This is a very interesting and controversial subject.
The significant issue embedded is:
Do we attribute results to the gun or ammunition; the set up, shooter, or environment?
There is only one gun, and it “could” be mechanically held such that the only difference shot to shot is incremental additional fouling and slight additional erosion. Time the shots out to shoot at the same barrel temperature, and literally the only thing that has changed on the gun’s side is unavoidable wear.
Anything less than a comprehensive machine rest in the nature of a vice is for scientific purposes, not holding the gun the same way each shot, and it is difficult to blame the gun for resulting variances.
At the same time, it is not very satisfying to acknowledge the truism that rounds of ammunition cannot be identical, and might explain all the differences being observed.

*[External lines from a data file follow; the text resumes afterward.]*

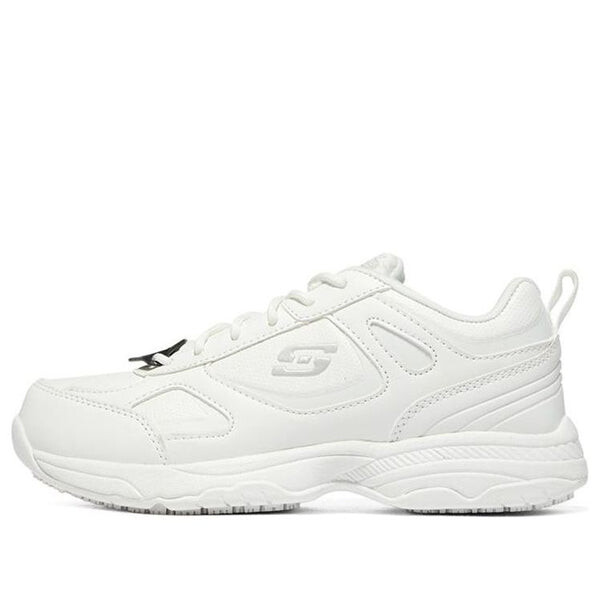 Кроссовки work relaxed fit dighton sr 'white' Skechers, белый
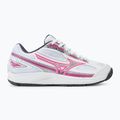 Кросівки тенісні жіночі Mizuno Break Shot 4 AC white / pink tetra / turbulence 2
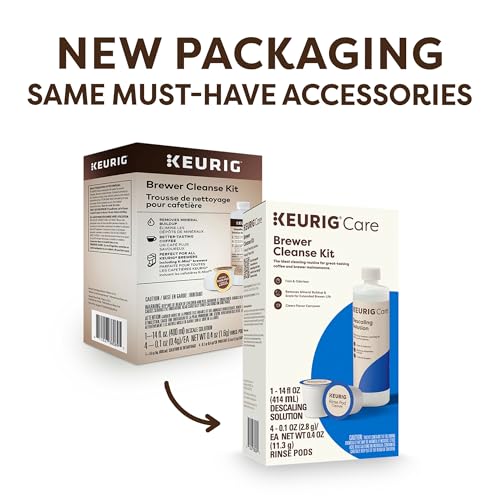 Coffee Maker Cleanse & Descaling Kit with Solution & Rinse Pods, 5 Pack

A single gun does not have this problem; it is essentially just a pipe, and when held in such a way that it is forced to stay exactly in place, there is no leeway for a tight fitting bullet to take a different path than its predecessors did.
We don’t shoot a gun held in this ideal manner, but the point is that once a gun is secured in such a way, there is no physical reason why it needs to be shot dozens of times to determine group size capability.
I would suggest that if one does shoot it dozens or hundreds of times, (even if spaced out by days) all that is being discovered is how much inherent variance was built into the ammunition used, and what effect barrel wear has on group size.